# [Raw data]

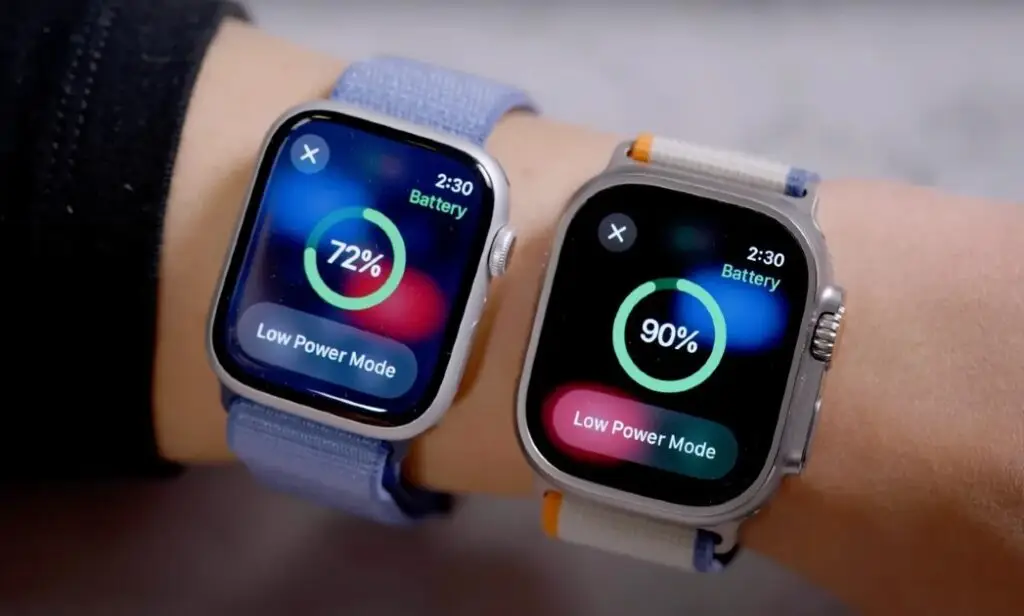 Apple Watch Ultra displaying smart features like GPS navigation, cellular connectivity, and health tracking on its screen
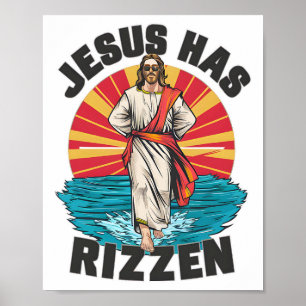 Jesus hat auferstanden Wear Design Lustiger Osters Poster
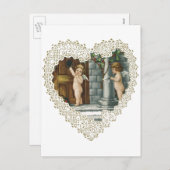 バビクトリアンレンタインデー、ヴィンテージ天使wレター シーズンポストカード (正面/裏面)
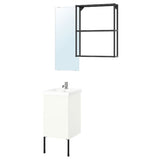 ENHET bathroom, anthracite/white, 44x43x87 cm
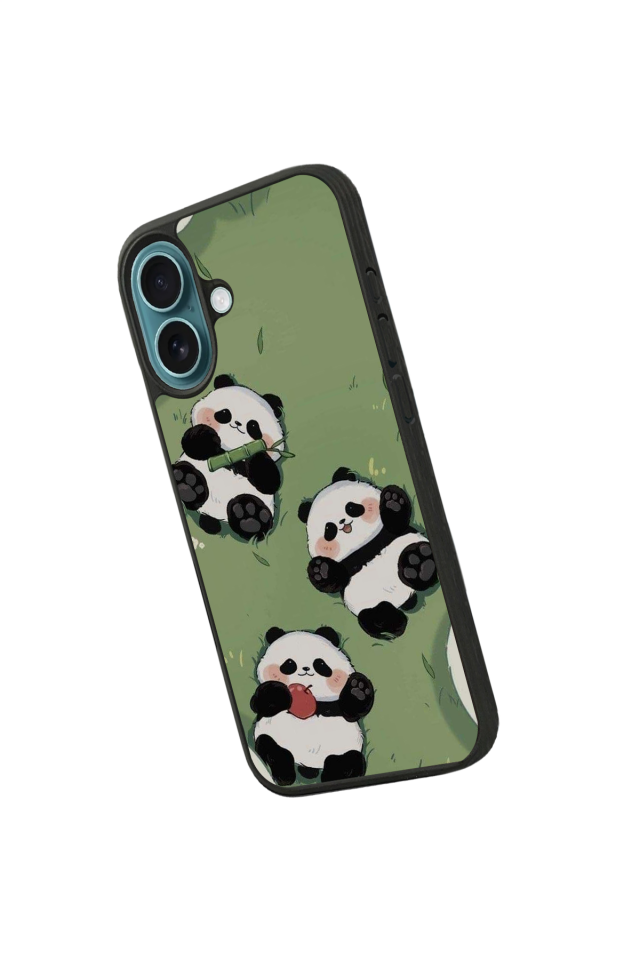 iPhone 16 Plus Uyumlu Panda Tasarımlı Glossy Premium Kılıf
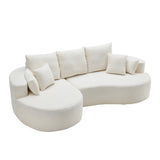 Cloud Curved Sectional Sofa with Chaise - Snow White, High-Elastic Foam, 106 in.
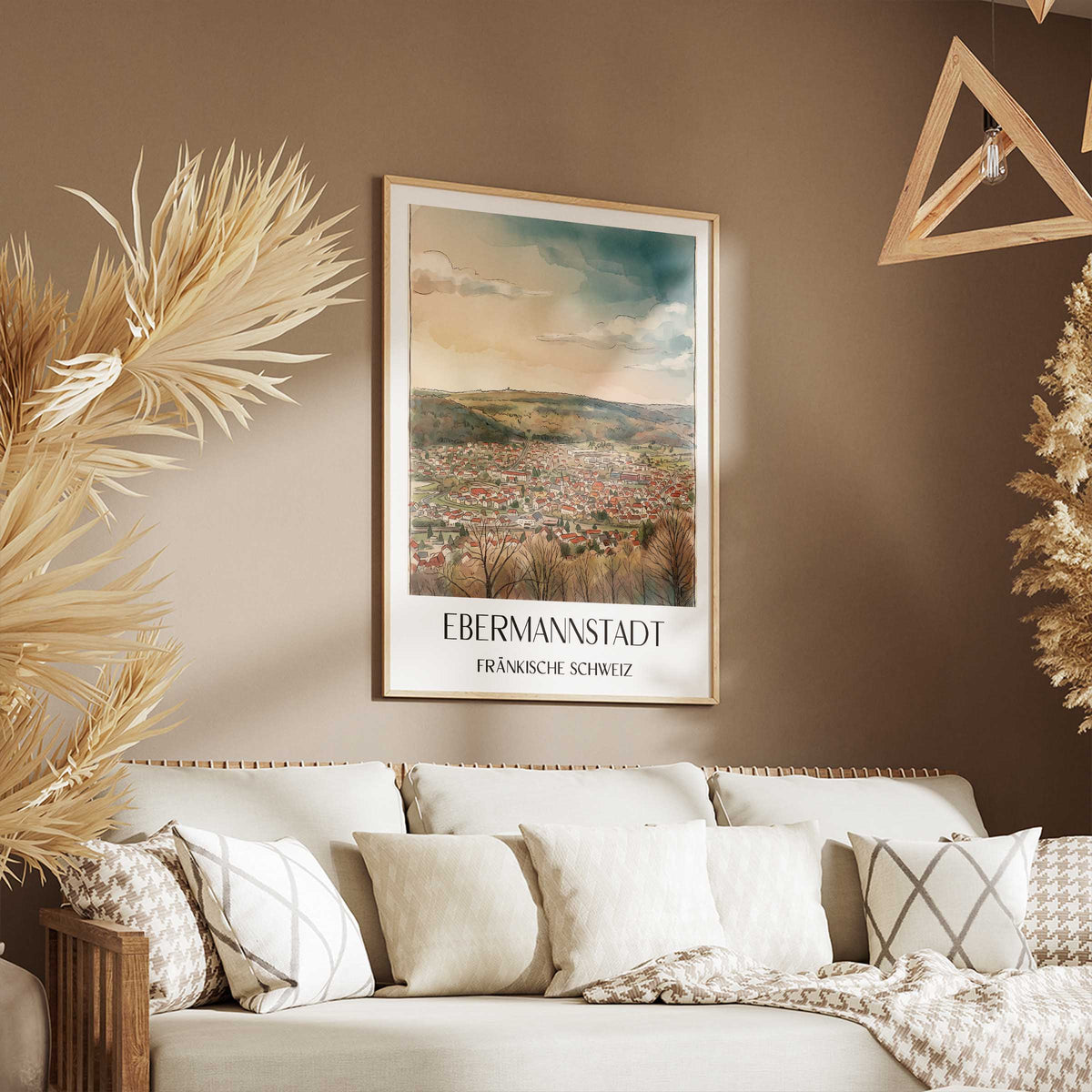 ebermannstadt-fränkische-schweiz-deutschland-poster-aquarell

# [What you will do]
Could you retype the records above exactly, omitting the pictures?

# [Response to the exercise]
 Apple Watch Ultra displaying smart features like GPS navigation, cellular connectivity, and health tracking on its screen
 Jesus hat auferstanden Wear Design Lustiger Osters Poster
 バビクトリアンレンタインデー、ヴィンテージ天使wレター シーズンポストカード (正面/裏面)
 ENHET bathroom, anthracite/white, 44x43x87 cm
 iPhone 16 Plus Uyumlu Panda Tasarımlı Glossy Premium Kılıf
 Cloud Curved Sectional Sofa with Chaise - Snow White, High-Elastic Foam, 106 in.
 ebermannstadt-fränkische-schweiz-deutschland-poster-aquarell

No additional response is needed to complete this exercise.